Layer-by-layer technique as a new approach to produce nanostructured films containing phospholipids as transducers in sensing applications.

作者信息

Aoki P H B, Volpati D, Riul A, Caetano W, Constantino C J L

机构信息

Faculdade de Ciencias e Tecnologia, UNESP, Presidente Prudente/SP, 19060-900 Brazil.

出版信息

Langmuir. 2009 Feb 17;25(4):2331-8. doi: 10.1021/la802696j.

Abstract

Phospholipids are widely used as mimetic systems to exploit interactions involving biological membranes and pharmacological drugs. In this work, the layer-by-layer (LbL) technique was used as a new approach to produce multilayered thin films containing biological phospholipids applied as transducers onto Pt interdigitated electrodes forming sensing units of an electronic tongue system. Low concentrations (nM level) of a phenothiazine compound were detected through impedance spectroscopy. Both negative 1,2-dipalmitoyl-sn-3-glycero-[phosphor-rac-(1-glycerol)] (DPPG) and zwitterionic l-alpha-1,2-dipalmitoyl-sn-3-glycero-phosphatidylcholine (DPPC) phospholipids were used to produce the LbL films, whose molecular architecture was monitored combining spectroscopy and microscopy at micro and nanoscales. The sensor array was complemented by Langmuir-Blodgett (LB) monolayers of DPPG and DPPC deposited onto Pt interdigitated electrodes as well. It was found that the distinct molecular architecture presented by both LbL and LB films plays a key role on the sensitivity of the sensor array with the importance of the LbL films being demonstrated by principal component analysis (PCA).

摘要

磷脂被广泛用作模拟系统,以研究涉及生物膜和药物的相互作用。

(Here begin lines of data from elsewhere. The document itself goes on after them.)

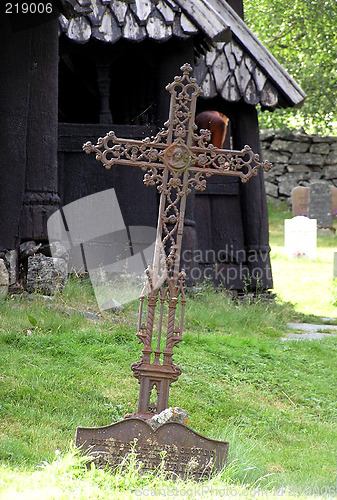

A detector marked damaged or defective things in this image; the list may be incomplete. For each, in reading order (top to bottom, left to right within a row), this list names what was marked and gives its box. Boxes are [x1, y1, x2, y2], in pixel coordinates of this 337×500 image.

rusted metal cross [83, 63, 270, 422]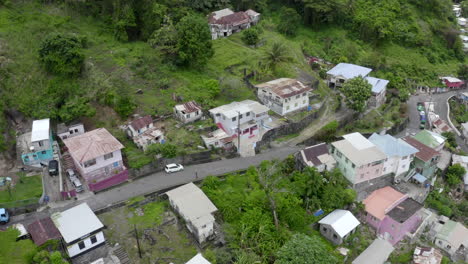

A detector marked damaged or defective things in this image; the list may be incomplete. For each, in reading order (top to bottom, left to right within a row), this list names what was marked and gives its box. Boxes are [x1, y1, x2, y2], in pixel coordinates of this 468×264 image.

rusty metal roof [256, 79, 310, 99]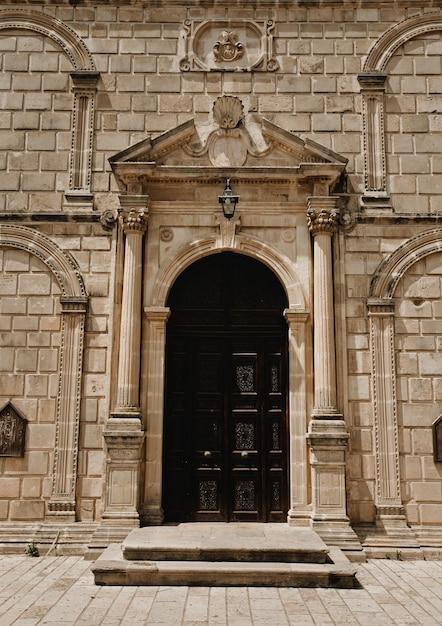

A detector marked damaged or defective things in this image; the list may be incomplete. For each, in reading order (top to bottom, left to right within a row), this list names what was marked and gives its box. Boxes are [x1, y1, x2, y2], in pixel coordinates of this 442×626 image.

broken pediment [109, 94, 348, 193]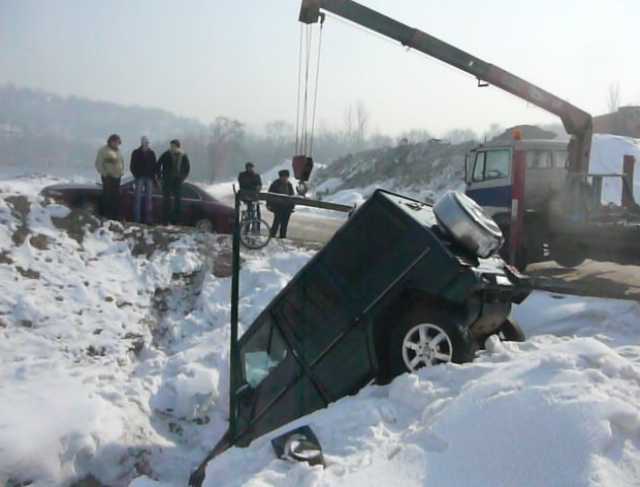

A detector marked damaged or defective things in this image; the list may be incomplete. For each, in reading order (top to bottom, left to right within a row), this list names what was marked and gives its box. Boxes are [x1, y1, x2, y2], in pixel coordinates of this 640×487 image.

overturned suv [206, 190, 528, 462]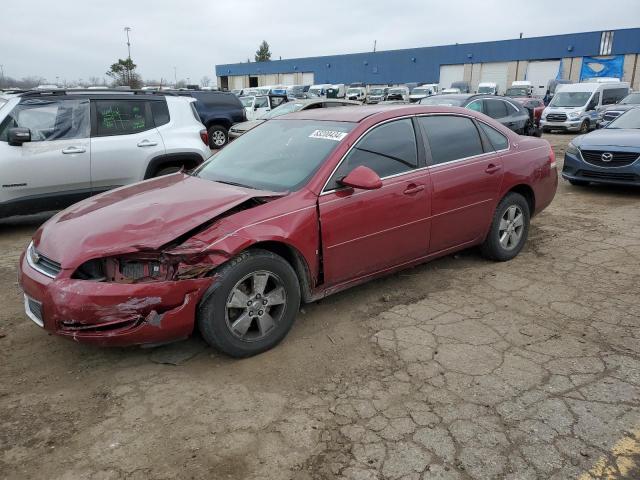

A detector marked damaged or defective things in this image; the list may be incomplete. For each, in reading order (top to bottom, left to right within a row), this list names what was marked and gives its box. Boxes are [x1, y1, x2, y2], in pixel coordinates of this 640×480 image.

crumpled front bumper [18, 249, 214, 346]
damaged hood [33, 173, 282, 270]
damaged red sedan [18, 106, 556, 356]
cracked asphalt [1, 132, 640, 480]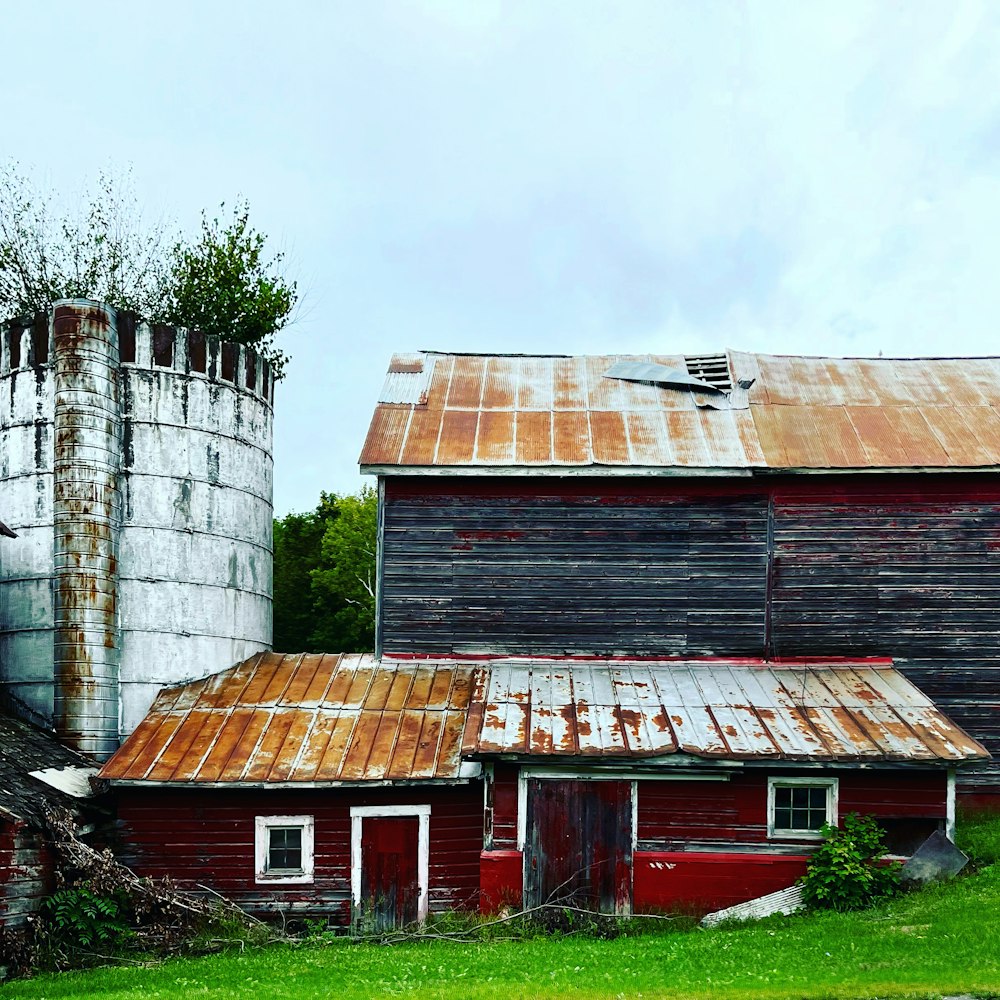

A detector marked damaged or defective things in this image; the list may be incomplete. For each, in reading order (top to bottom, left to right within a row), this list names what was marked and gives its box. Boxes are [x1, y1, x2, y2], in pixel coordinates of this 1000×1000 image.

rusted metal panel [362, 352, 1000, 472]
rusty metal roof [364, 352, 1000, 476]
rusted metal band on silo [52, 296, 122, 756]
rusty metal roof [99, 652, 474, 784]
rusted metal panel [101, 652, 476, 784]
rusty metal roof [462, 656, 992, 764]
rusted metal panel [462, 656, 992, 764]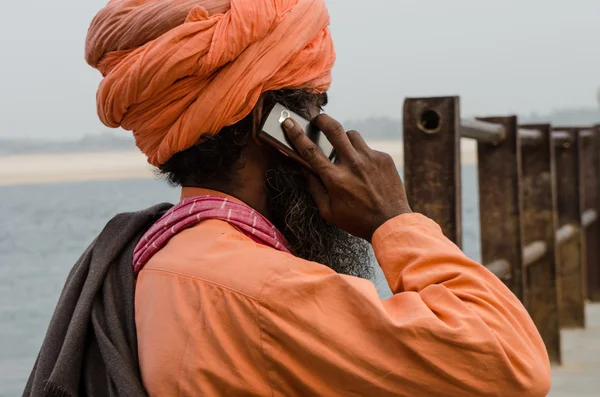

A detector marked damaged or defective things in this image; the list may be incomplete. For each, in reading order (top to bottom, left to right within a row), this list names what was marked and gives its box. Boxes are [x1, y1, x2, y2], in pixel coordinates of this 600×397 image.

rusty metal post [406, 96, 462, 244]
rusty metal post [478, 116, 524, 302]
rusty metal post [520, 123, 564, 362]
rusty metal post [552, 128, 584, 326]
rusty metal post [580, 128, 600, 302]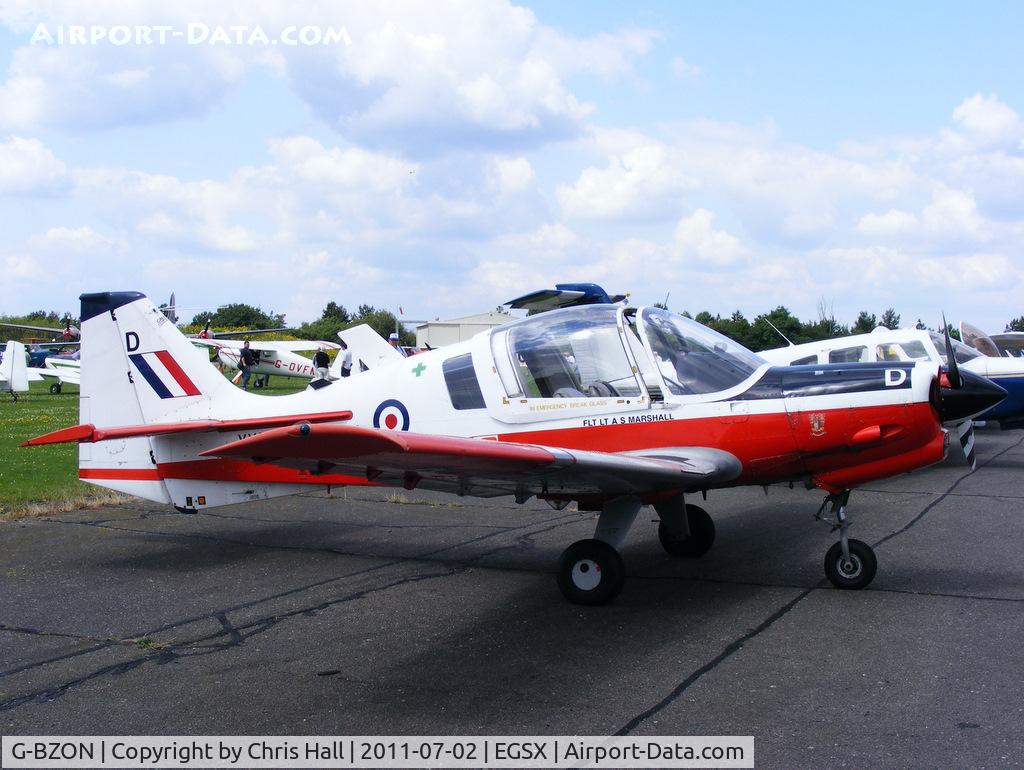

在这项工作中,逐层(LbL)技术被用作一种新方法,来制备包含生物磷脂的多层薄膜,这些薄膜被用作传感器,涂覆在铂叉指电极上,形成电子舌系统的传感单元。通过阻抗谱检测到了低浓度(纳摩尔水平)的吩噻嗪化合物。使用了带负电荷的1,2-二棕榈酰-sn-3-甘油-[磷酸-rac-(1-甘油)](DPPG)和两性离子的l-α-1,2-二棕榈酰-sn-3-甘油磷脂酰胆碱(DPPC)这两种磷脂来制备LbL薄膜,其分子结构通过微观和纳米尺度的光谱学和显微镜技术相结合进行监测。该传感器阵列还补充了同样沉积在铂叉指电极上的DPPG和DPPC的朗缪尔-布洛杰特(LB)单分子层。结果发现,LbL和LB薄膜呈现出的不同分子结构对传感器阵列的灵敏度起着关键作用,主成分分析(PCA)证明了LbL薄膜的重要性。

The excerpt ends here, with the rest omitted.